Der Wettlauf begann. Viele Kinder waren flinker als die Gestalt im blauen Wollkleidchen; aber sie lief gleichmäßig weiter, unbekümmert darum, daß sie die letzte war, und hielt sich, wie man an ihrer Kopfhaltung sehen konnte, streng an die Weisung ihres Vaters, nicht vom Ziel wegzusehen. Bald wandten sich einige Kinder um, um zu sehen, wie schnell die anderen vorwärts kamen, stießen aber dabei aneinander und verloren wertvolle Zeit. Unsere kleine Freundin lief unbekümmert weiter, offenbar eingedenk der Regel, nicht nachzulassen und nicht auf andere zu achten. Die der Bahn entlang anwesenden Freunde der Kinder klatschten Beifall und ermutigten sie. Dies schien die Wettläufer am verhängnisvollsten zu beeinflussen; denn die meisten Kinder wandten sich um und winkten zurück, wodurch sie ihren Vorsprung verloren. Nun überholte das Kind, das die Belehrung seines Vaters befolgte und dem Beifall keine Beachtung schenkte, einige der anderen. Im nächsten Augenblick stand sie nur noch mit einem allgemein beliebten Jungen, der von Anfang an beträchtlichen Vorsprung gehabt hatte, in scharfem Wettbewerb. Aber gerade, als er sich dem Ziel näherte, wurde ihm so gewaltig zugejubelt, daß er nicht widerstehen konnte, mit der Hand zu winken, wobei er stolperte, so daß das kleine Mädchen im blauen Wollkleidchen allein die weiße Flagge erreichte. Schnell eilte ihr Vater herbei und nahm sie in die Arme. Aber die Kleine schien sich gar nicht darum zu kümmern, daß sie Siegerin geworden war. Freudestrahlend blickte sie zu ihrem Vater auf und sagte: „Ich habe daran gedacht!”

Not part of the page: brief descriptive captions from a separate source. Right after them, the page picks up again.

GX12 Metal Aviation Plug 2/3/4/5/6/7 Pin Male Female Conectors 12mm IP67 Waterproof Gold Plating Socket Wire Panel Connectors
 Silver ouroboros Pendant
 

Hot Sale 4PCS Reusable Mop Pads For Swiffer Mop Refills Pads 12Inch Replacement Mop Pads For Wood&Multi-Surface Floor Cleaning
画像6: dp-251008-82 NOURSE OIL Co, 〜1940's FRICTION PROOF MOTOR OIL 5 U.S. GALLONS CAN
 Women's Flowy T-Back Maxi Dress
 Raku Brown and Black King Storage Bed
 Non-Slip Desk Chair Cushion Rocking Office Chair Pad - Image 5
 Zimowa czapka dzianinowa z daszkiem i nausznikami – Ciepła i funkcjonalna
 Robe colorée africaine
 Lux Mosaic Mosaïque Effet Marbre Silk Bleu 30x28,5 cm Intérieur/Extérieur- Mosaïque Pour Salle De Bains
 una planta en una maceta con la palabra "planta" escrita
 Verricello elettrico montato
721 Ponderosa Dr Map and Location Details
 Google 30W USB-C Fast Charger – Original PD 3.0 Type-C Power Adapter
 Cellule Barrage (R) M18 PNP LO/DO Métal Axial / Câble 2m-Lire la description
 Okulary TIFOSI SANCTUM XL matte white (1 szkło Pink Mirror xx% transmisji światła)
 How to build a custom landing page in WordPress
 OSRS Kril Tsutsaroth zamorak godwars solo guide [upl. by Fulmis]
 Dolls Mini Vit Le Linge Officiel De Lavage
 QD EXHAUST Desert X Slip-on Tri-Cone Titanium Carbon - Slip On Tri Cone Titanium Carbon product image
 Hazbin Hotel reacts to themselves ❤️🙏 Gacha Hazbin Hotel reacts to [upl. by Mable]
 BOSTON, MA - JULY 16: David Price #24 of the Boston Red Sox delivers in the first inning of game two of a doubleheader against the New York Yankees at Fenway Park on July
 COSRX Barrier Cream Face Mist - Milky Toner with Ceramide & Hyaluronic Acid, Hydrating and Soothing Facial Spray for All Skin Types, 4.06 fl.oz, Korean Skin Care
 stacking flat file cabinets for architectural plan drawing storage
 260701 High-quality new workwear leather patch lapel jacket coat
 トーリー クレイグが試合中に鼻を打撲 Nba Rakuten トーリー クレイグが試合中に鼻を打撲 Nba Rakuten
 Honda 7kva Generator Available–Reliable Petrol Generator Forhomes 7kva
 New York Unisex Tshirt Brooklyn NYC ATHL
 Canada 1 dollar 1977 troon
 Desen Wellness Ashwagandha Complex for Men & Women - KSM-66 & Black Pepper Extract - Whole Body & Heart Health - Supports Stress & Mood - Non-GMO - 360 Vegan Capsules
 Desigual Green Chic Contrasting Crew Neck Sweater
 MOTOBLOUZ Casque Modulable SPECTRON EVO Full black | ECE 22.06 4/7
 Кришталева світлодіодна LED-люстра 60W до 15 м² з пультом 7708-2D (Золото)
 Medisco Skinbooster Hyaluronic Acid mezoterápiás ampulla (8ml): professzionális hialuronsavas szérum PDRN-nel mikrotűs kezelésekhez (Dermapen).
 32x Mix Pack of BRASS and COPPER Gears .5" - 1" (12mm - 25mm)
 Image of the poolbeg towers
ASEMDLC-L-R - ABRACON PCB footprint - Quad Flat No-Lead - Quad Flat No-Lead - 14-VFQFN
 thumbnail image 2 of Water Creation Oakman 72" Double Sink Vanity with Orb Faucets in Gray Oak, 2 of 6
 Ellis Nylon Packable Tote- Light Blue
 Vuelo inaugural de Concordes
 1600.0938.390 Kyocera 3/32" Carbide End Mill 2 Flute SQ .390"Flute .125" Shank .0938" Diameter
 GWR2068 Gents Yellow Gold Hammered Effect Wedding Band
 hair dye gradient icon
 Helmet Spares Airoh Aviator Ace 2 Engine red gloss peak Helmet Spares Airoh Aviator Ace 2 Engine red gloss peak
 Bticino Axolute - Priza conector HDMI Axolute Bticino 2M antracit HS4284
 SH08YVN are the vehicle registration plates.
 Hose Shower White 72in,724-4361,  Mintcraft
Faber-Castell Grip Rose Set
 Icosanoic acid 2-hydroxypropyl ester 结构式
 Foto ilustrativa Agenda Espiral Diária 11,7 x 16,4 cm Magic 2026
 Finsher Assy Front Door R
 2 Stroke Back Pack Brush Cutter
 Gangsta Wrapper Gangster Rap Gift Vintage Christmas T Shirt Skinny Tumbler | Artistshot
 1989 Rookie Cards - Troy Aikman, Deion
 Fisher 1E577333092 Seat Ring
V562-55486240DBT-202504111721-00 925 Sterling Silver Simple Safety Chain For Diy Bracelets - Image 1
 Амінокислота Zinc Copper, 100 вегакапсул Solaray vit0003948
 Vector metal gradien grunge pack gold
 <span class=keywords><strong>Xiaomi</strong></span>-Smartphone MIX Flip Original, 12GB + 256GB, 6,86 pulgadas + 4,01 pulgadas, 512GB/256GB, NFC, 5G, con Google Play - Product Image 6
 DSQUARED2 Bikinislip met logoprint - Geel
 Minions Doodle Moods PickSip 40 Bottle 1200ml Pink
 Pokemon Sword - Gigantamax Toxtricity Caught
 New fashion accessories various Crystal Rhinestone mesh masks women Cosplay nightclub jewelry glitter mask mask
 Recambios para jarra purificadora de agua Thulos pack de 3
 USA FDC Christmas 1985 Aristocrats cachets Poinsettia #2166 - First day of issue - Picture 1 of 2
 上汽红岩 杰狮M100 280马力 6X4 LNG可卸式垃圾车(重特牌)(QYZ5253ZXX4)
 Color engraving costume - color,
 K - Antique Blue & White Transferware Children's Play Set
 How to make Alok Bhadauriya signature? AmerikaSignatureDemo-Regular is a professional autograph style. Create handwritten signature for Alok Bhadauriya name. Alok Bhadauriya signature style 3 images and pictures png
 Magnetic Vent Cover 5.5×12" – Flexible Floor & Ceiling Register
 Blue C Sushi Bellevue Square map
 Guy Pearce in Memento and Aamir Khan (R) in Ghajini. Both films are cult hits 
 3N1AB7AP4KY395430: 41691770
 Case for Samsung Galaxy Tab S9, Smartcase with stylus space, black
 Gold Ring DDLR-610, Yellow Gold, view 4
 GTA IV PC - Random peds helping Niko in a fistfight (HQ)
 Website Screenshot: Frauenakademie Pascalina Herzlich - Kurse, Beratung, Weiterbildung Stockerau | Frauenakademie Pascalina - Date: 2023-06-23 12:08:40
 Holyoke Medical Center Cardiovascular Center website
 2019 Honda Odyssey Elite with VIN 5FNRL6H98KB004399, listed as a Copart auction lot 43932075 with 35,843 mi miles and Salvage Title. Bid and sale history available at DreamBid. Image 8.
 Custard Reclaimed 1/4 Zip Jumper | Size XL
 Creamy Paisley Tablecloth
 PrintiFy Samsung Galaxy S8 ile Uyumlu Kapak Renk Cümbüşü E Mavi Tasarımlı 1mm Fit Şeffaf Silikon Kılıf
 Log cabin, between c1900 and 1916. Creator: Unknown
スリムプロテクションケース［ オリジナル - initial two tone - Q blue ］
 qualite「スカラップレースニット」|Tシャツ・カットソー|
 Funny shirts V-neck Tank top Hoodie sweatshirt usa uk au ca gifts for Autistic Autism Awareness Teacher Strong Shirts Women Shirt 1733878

„Lasset uns ablegen die Sünde, so uns immer anklebt und träge macht, und lasset uns laufen durch Geduld in dem Kampf, der uns verordnet ist”. Vergleichen wir diesen Wettlauf mit dem geistigen Erwachen jedes Menschen zu der Erkenntnis seines wahren Wesens als Kind Gottes, so täten wir gut, über jenen Kinder-wettlauf und die daraus zu ziehenden Lehren nachzudenken.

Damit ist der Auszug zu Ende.